Beginning with the line containing "BaoZqua fish safe" and ending with the line containing "2019 Normal White Garlic Fresh Wholesale", write out each line of the records below exactly; pictures and lines outside that range are left out.

→ Entries provided:
=== Begin Enclosure ===

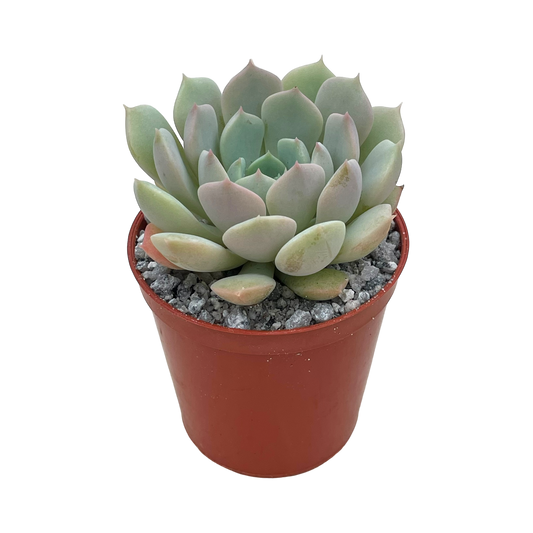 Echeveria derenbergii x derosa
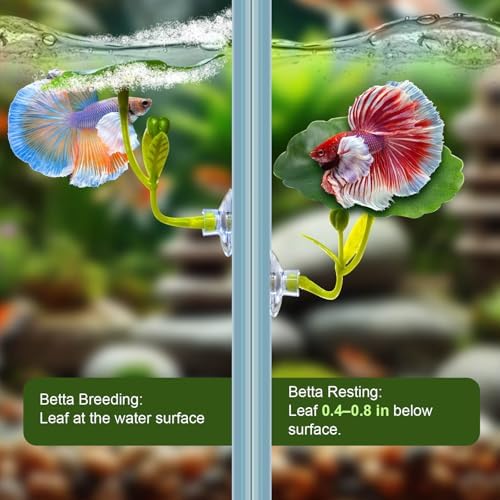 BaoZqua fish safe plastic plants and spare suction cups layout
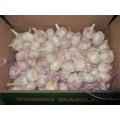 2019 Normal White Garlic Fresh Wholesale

=== End Enclosure ===
=== Begin Enclosure ===

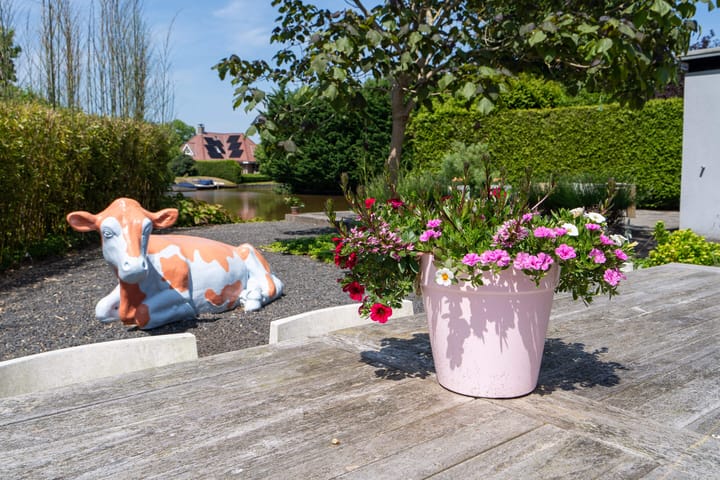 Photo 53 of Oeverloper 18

=== End Enclosure ===
=== Begin Enclosure ===

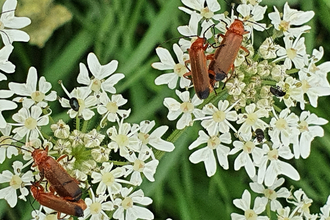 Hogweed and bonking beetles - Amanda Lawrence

=== End Enclosure ===

→ Output:
 BaoZqua fish safe plastic plants and spare suction cups layout
 2019 Normal White Garlic Fresh Wholesale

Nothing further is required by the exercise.